The Cloisters Fireplace

30 October 2019

The Cloisters are an important meeting space within Merchant Taylors' Hall. Which Merchant Taylor from the Company's annals of history has hurried through to enter the Court room? What gossip has been shared quietly by a window? Here, a Master and their Consort welcome guests to an event, members can socialise more informally between an event's proceedings, and refreshments are shared. Quietly in the corner is a fireplace. Look a bit closer however, and there is a mistake on the mantlepiece..

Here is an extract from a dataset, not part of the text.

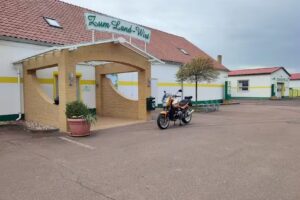 Zum Land Wirt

The fireplace in the Cloisters dates to 1857, and bears the names of the Master, Wardens and Clerk at that date. The Master was John Bonus (Master 1856-7); the Wardens were Bonamy Dobree junior, John Thompson Fletcher, John Watson Lay and Sir James Tyler. The Clerk was Samuel Fisher (whose portrait can be seen in the Parlour).

The fireplace includes a tall chimney piece of stone, with pilasters and cornice. This chimney piece bears a number of oval metal plates, painted with coats of arms. The central, largest plate has the arms of the Master, John Bonus. Curiously, the Latin of the motto has been painted incorrectly. The correct wording is a quotation from Ovid's Metamorphoses, Book II. It tells the tragic story of Phaethon, the son of Helios. In medio tutissimus ibis, “You will go most safely by the middle way.” However ibis has been rendered as ibio. This error was repeated in the new heraldic glass that was installed in the Great Hall in 1932 and destroyed in 1940. Presumably the glass was copied from the fireplace.

Surrounding the Master’s coat of arms are those of the four wardens. Dobree is in the top left, Fletcher in the top right, Lay in the lower left, and Tyler in the lower right. These are all smaller than the Master’s coat of arms, but still prominent. The final two shields, smaller still, are those of the Clerk, Samuel Fisher (bottom centre), and of the next Master, Joseph Turnley (top centre).

Not all of the coats of arms are original. Some were stolen in the early 1990s during building works, and replaced in 1994 with excellent modern facsimiles. These were copied from old photographs by Mr Sidney Bendall, a heraldic artist recommended by John Penton. The facsimile shields can be identified easily, being brighter and shinier than the surviving Victorian originals. The motto beneath the stolen Lay shield, Immortalium omnibus horissa, like the motto beneath the Master’s shield, was meaningless Latin, although it too had been re-used in the 1932 glazing scheme for the Great Hall. It probably should have read Nemo mortalium omnibus horis sapit [Alexander Pope], “No man always gets it right”. Mr Bendall recreated the meaningless version exactly as before.

The facsimile shields of Fletcher and Lay were also transposed. Fletcher was placed, not in the lower left, where it had been before, but in the top right, in the position formerly occupied by Lay. Lay was fixed where Fletcher should have been. 

The present Cloisters date from 1927, when the fireplace was moved to its present position. It was originally installed in April 1857 in the East Corridor, then quite new, which had proved to be very cold. William Boulton was paid £70 for the stone chimneypiece. He may have re-used an existing hearth. He was not paid until the end of November 1857, so the fireplace was initiated in one Mastership and finished in another. This explains why we have the coat arms of Joseph Turnley (Master 1857-8.)